Tourists were initially urged to stay away from the Hawaiian island of Maui in the immediate wake of a wildfire that killed at least 115 people and devastated the historic town of Lahaina.

But now, nearly three weeks after the catastrophic wildfire, officials and some locals are urging visitors to not cancel upcoming trips to other parts of the island, saying the tourism dollars are needed to keep locals employed.

“Maui update. South Maui resorts (Lahaina is West Maui) NEED visitors. Furloughs and layoffs starting because people think the whole island is closed. It is not,” U.S. Sen. Brian Schatz of Hawaii tweeted Thursday. “If you are planning a trip to Wailea or Kihei, don’t cancel. If you want to come to Hawaii pls consider South Maui.”

Weary tourists gather at Kahului Airport to head home, two days after a wildfire devastated Lahaina.

(Robert Gauthier/Los Angeles Times)

‘Āina Momona, a community organization that discouraged visitors from coming immediately after the fire, is now offering advice to tourists who do come to the island.

“If you decide to travel to Maui, behave with solace, empathy, compassion,” a recent Instagram slideshow urges. The “bottom line,” it says, is that people should “visit,” “spend” and “go home.”
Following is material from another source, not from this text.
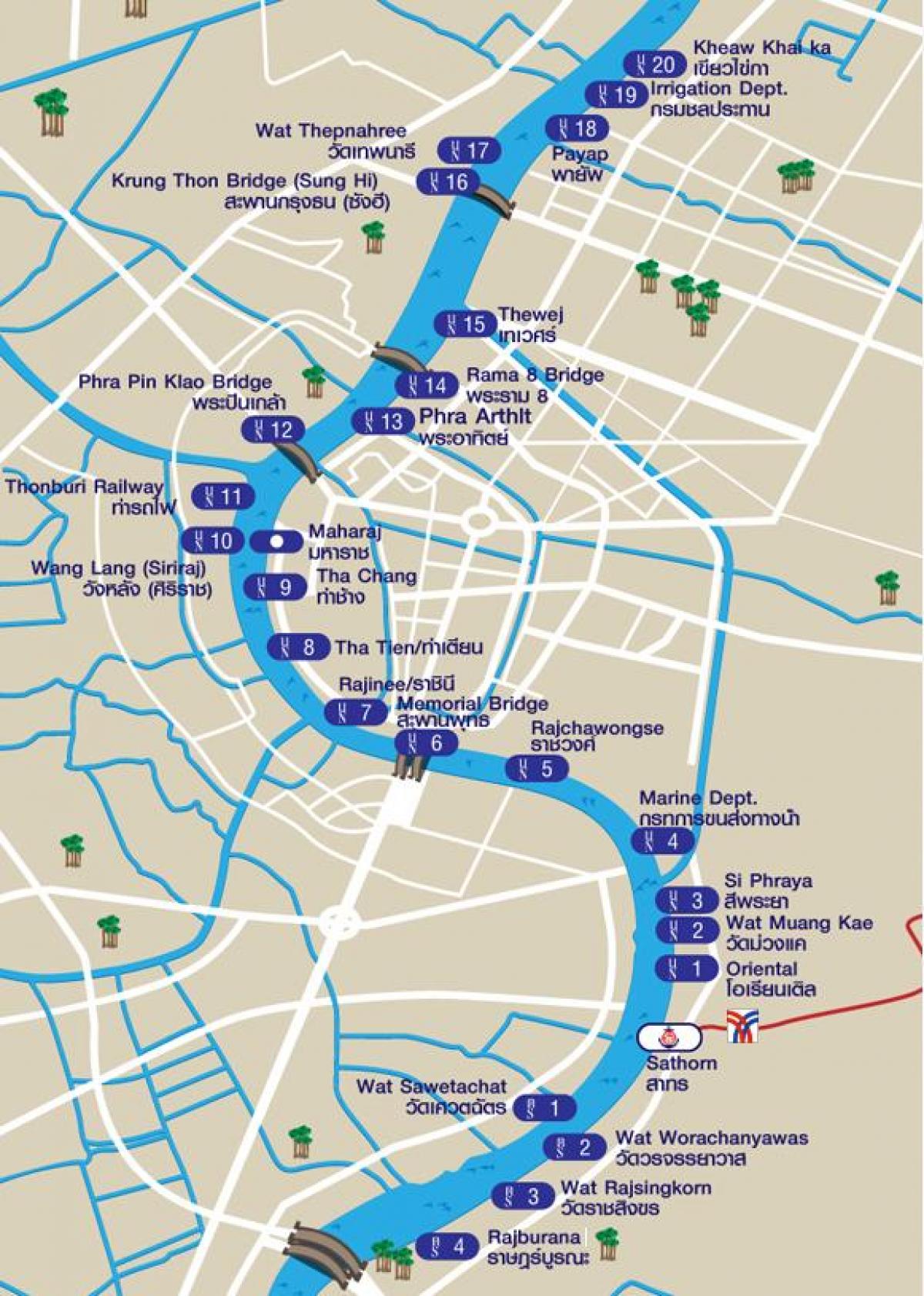 التاكسي النهري خريطة بانكوك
Tourism has historically been a fraught subject in Hawaii and the recent fires have brought those tensions to the forefront.

But for those who do visit the island in the coming weeks and months, officials, community leaders and other locals offer some advice for being a respectful visitor and minimizing negative effects on the island:

Do not go to West Maui

The No. 1 message from community leaders and officials is that tourists should steer clear of Lahaina, which was ravaged by fire, and nearby towns such as Kaanapali and Kapalua, which are housing relief efforts and displaced fire survivors.

Don’t “rubberneck” around the affected communities, said Kainoa Horcajo, a cultural consultant and organizer with mutual aid organization Maui Rapid Response. “But the rest of the island is open and it needs support,” Horcajo added.

Stories about tourists taking selfies in front of the destruction in the immediate aftermath of the fire compound the anger and frustration of people in the community who have already lost so much, said James Kunane Tokioka, director of the state Department of Business, Economic Development and Tourism.

Tokioka reiterated the message that the rest of the island and state are open, but urged tourists to act with respect.

Popular South Maui towns such as Kihei and Wailea are far from the destruction, as is Paia on the North Shore.

Travelers are welcome in Kahului, Wailuku, Kihei, Wailea, Makena, Paia and Hana, as well as the neighboring Maui County islands of Lanai and Molokai, according to official state guidance.

Act with sensitivity and empathy

“Come with respect, humility and reverence for our Maui community, especially West Maui. There is a lot of cultural and emotional sensitivity at this time,” said Jeana Naluai, a Native Hawaiian who runs a spa in Maui’s Upcountry that specializes in traditional Hawaiian Lomi Lomi techniques. “The families are hurting and deserve your consideration and care.”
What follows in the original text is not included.